Topic: Symbiosis between energy and nature
Description: Upon crossing the countryside surrounding the solarpunk city on a bike, a boat or a train, a visitor from our world would feel a bit disconcerted. Where are the monocultures that once upon a time spread as far as the eye could see? And what are all those solar panels doing there? And most of all, who let the sheep out in the olive grove?
Agroecology techniques have replaced for the most part the industrial agriculture paradigm of the Late Stage. Fields are no longer “flat factories” meant to extract resources, but fully realized eco-systems which support biodiversity as well as human wellbeing. Concepts like food forests and agro-silvo-pastoralism are very popular, people talk about them at the bar, as much as once they talked about the stock exchange.
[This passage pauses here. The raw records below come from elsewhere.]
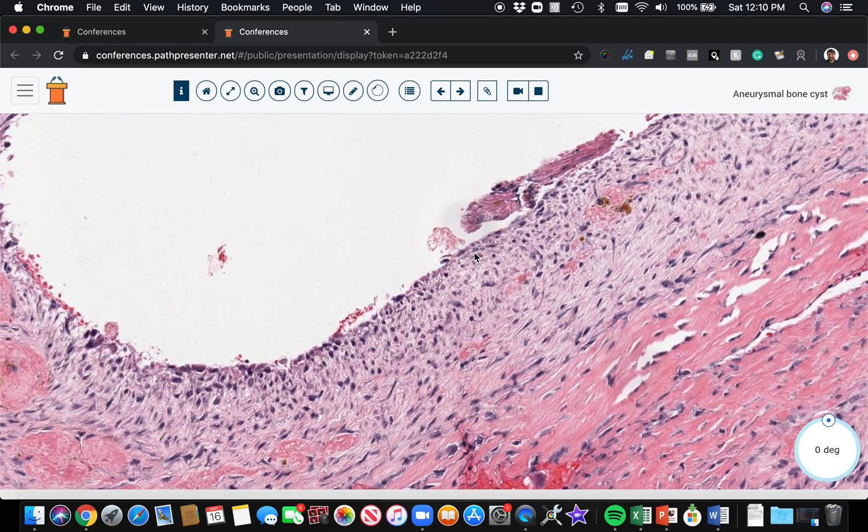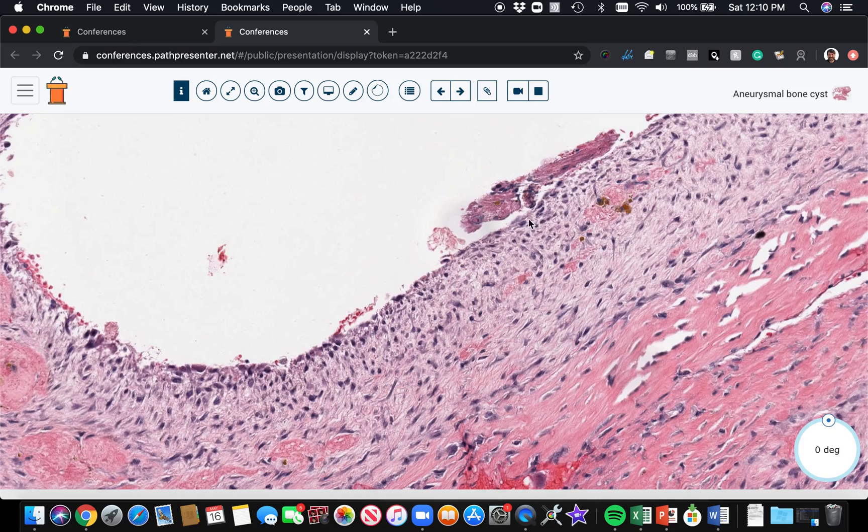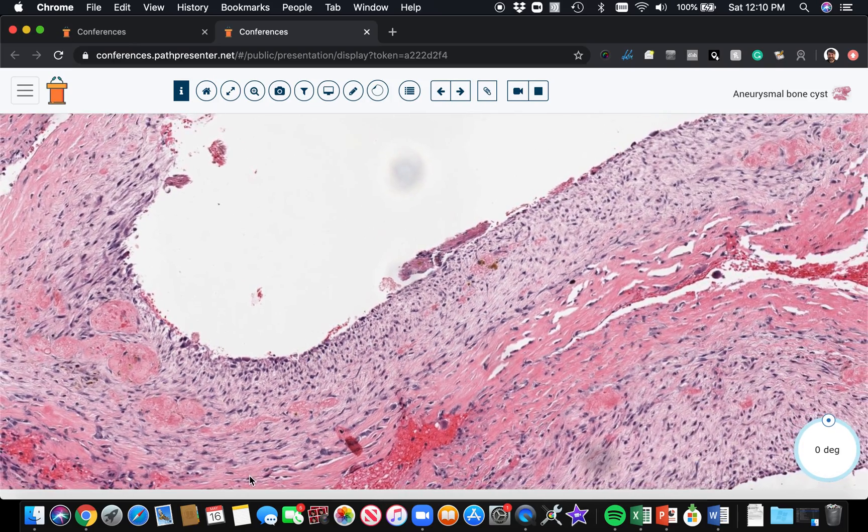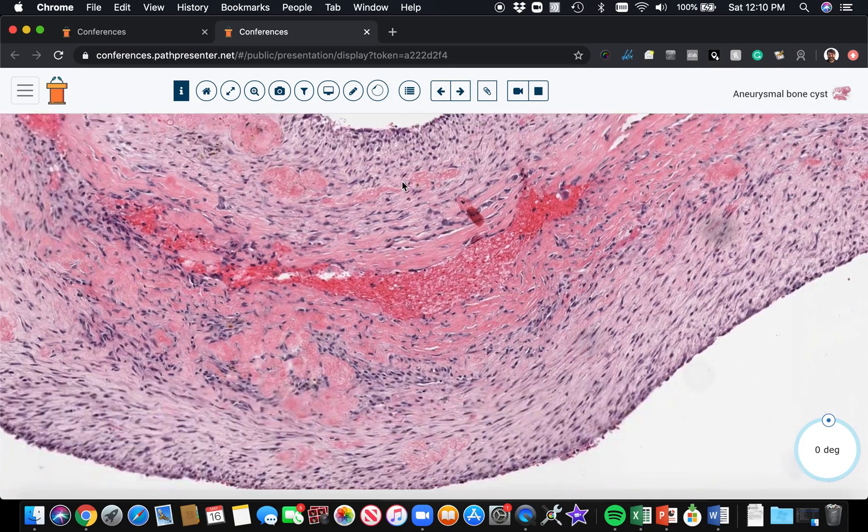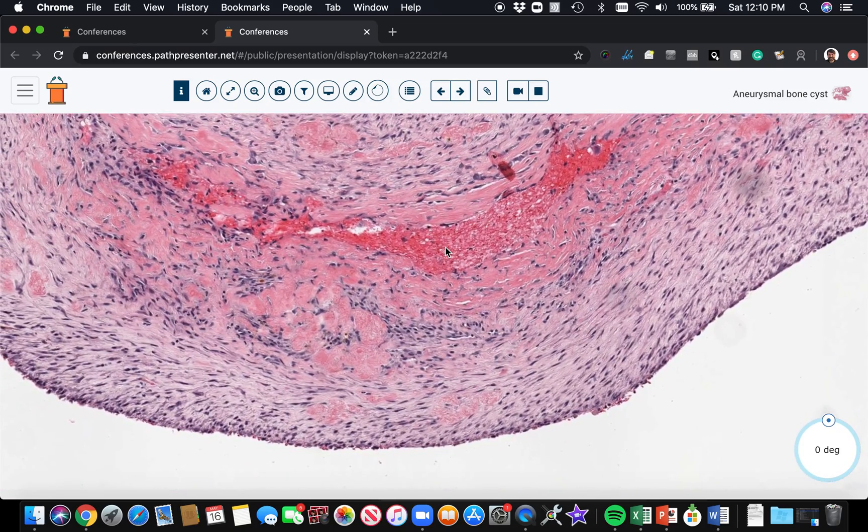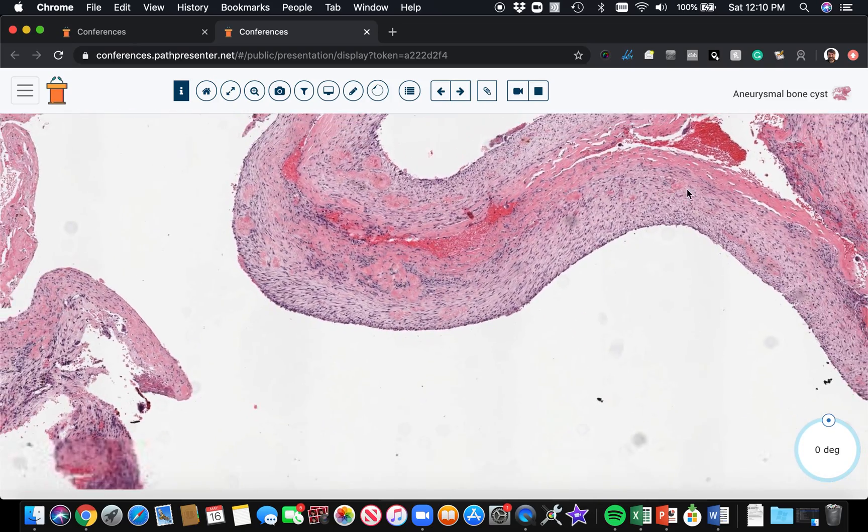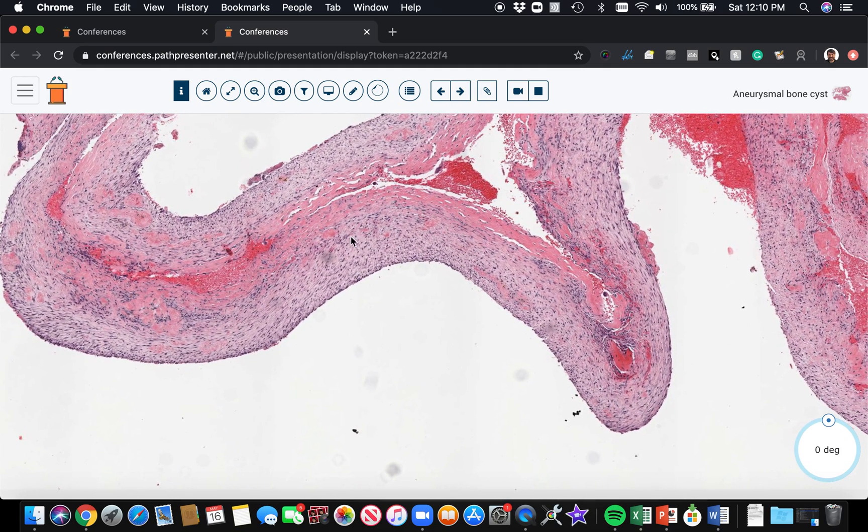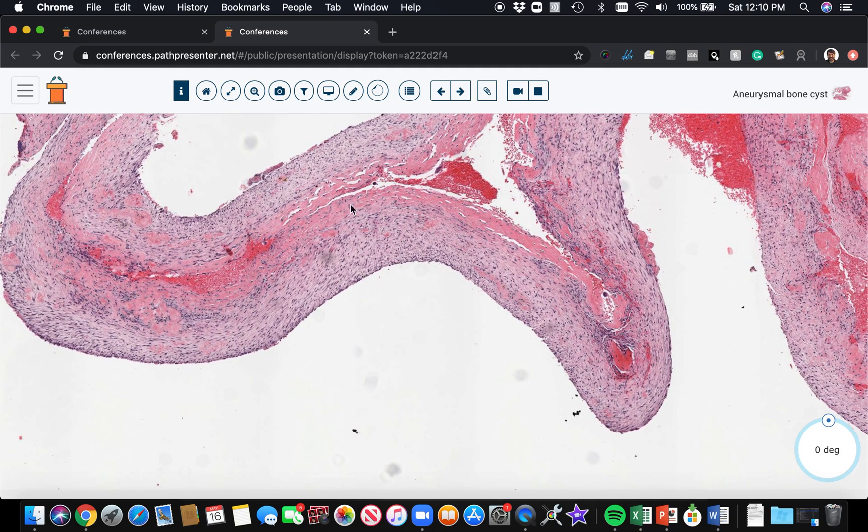Okay, the space is not really lined by any true lining, it's kind of a pseudo-cystic space. And what you'll often see in these walls is loose stuff like this, but also some very dense collagen that's sclerotic.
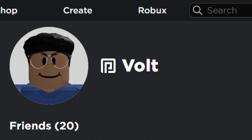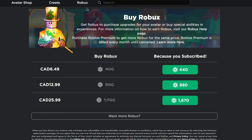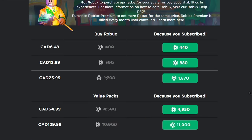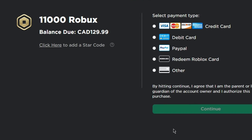In this video, I'm going to be showing you the best star code to use when you buy Robux. The first thing you want to do is go to Robux and select the amount of Robux you want. Then you want to click here and type in Volt.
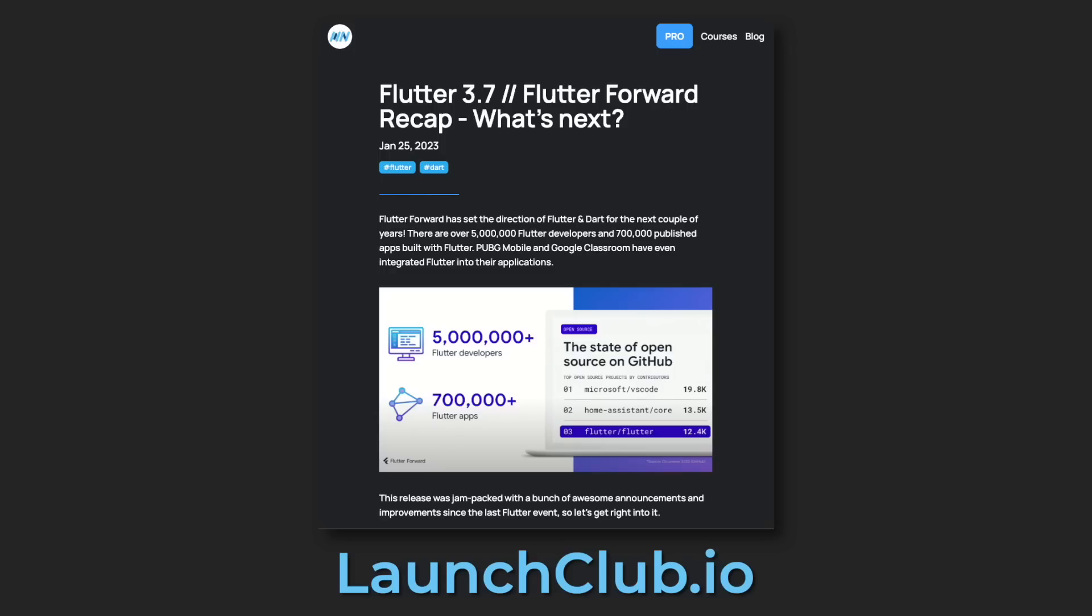There are even more updates that I didn't get a chance to cover in this video, so be sure to check out my blog post on launchclub.io. And with that, I'll see you in the next one.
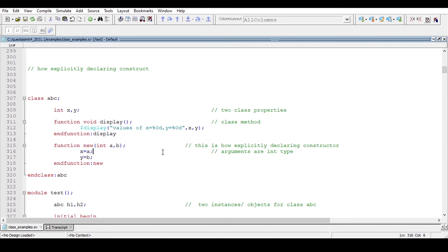Hello and welcome. In the last video we had a discussion about class with respect to SystemVerilog. We saw how to declare a class and where we can declare a class, how to allocate memory, and how to create objects for a particular class. Now in this video we will try to understand the concept of the 'this' keyword in SystemVerilog, and it is one of the most frequently asked interview questions.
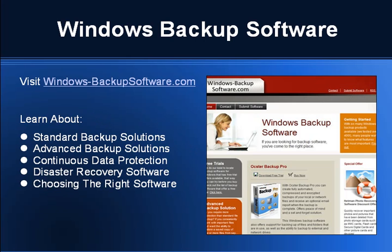For more information about Windows backup software, visit www.windows-backupsoftware.com.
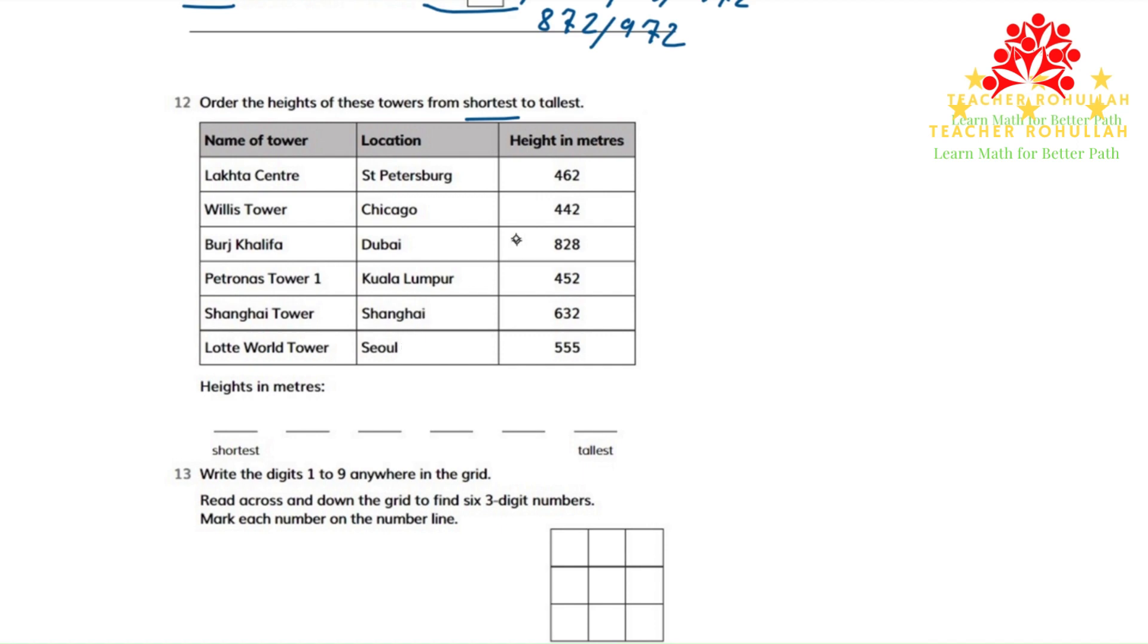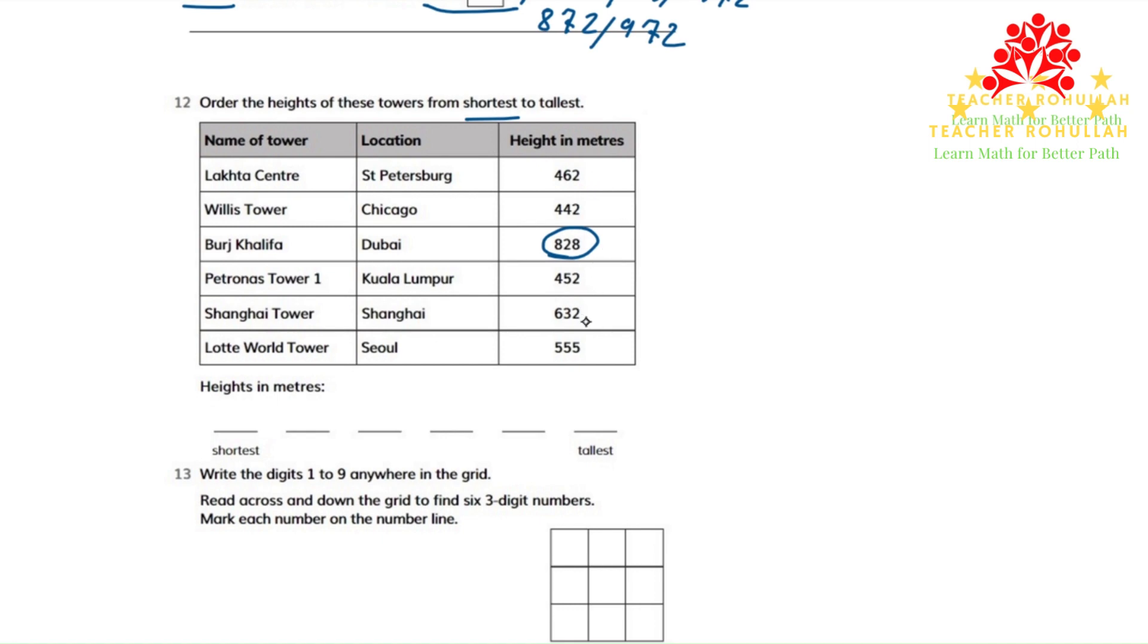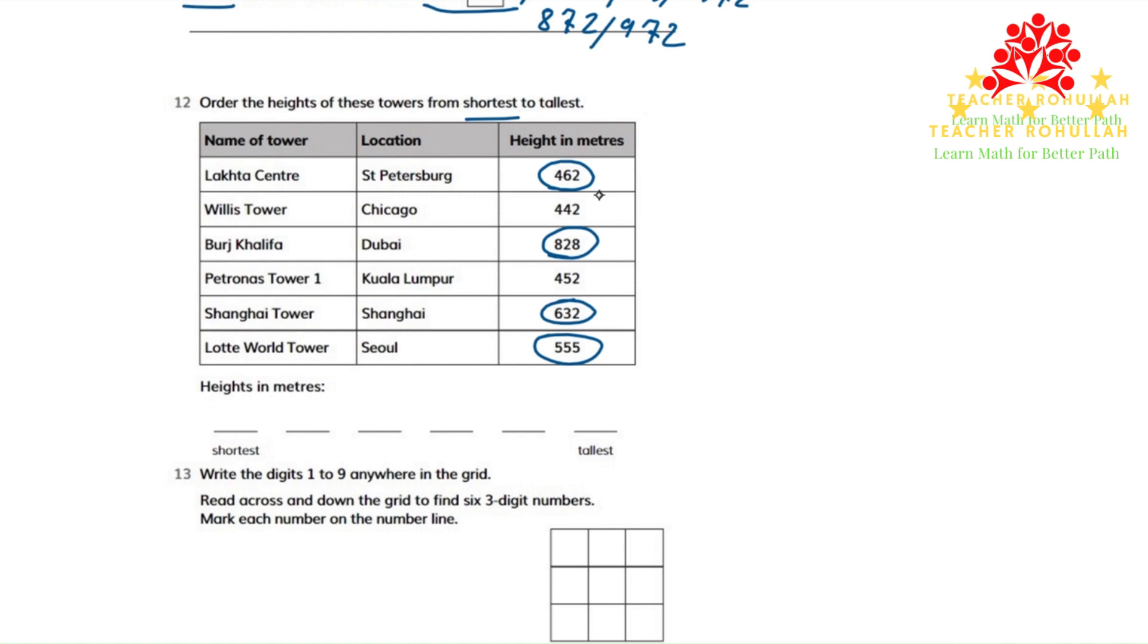So we have to find the highest tower. The highest tower is 828, and the second highest tower is 632. It is all in meters. And the third one is 555, the fourth one is 462, and the fifth one is 452. The shortest tower is 442.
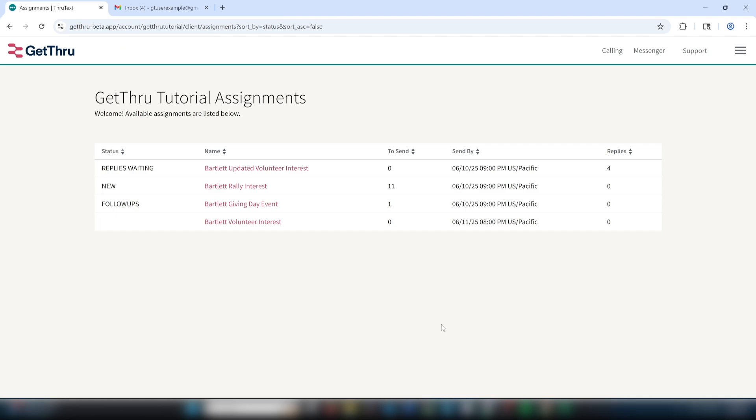Welcome to our tutorial on texting for message senders. In this video, I'm going to show you how to send text messages using ThruText. From accessing your assignment to navigating the messenger, this video will tell you all you need to know to send and reply to messages. Let's get texting.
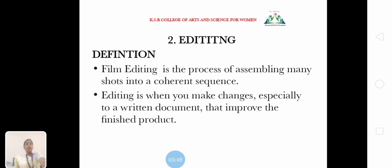Next, editing. What is the definition of editing? Film editing is the process of assembling many shots into a coherent sequence. Editing is when you make changes, especially to your written document, that improve the finished product.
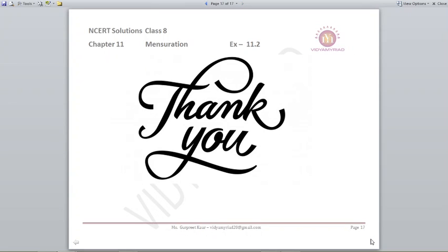With this we finish exercise 11.2. I hope you found it very easy. You just need to know some basic formulas — mostly this exercise is for trapezium, so you should know the area of the trapezium, the area of the rhombus, and the area of the triangle. If you know the formulas well, you can find the answers very easily. Thank you very much children for watching the video till the end. See you soon in the next video. Till then, goodbye. Take care.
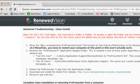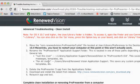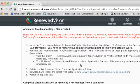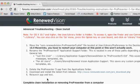I moved the com.renewedvision.propresenter5.plist file from User Library Preferences to the desktop. Then I rebooted because I'm on Mavericks. Then I went to the Application Support folder — I'd set it up for all users, so I went to Users/Shared/RenewedVision/Application Support and renamed the ProPresenter 5 folder to 'ProPresenter 5 Old.' Then I deleted the ProPresenter app and reinstalled it, and rebooted just for good measure. No change.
Climate adaptation has changed farmers’ habits: some crops, no longer suitable to a hotter, more extreme climate, have been abandoned, while others have been introduced (bananas from Puglia and coffee from Sicily are now common sights).
To protect their precious crops from the Sun, some farmers have converted to agrosolar, installing solar panels between crop rows or shading the whole field. Some of these covers have curious shapes: the solar panels are arranged in a semi sphere. Berries, salad leaves, citrus fruits and tea (from Liguria, like pesto) are much happier, and rural communities have a source of energetic sovereignty without having to sacrifice either Nature or Agriculture.
Now that profit is no longer the main decision-making factor, the solarpunk world is full of creative and innovative solutions.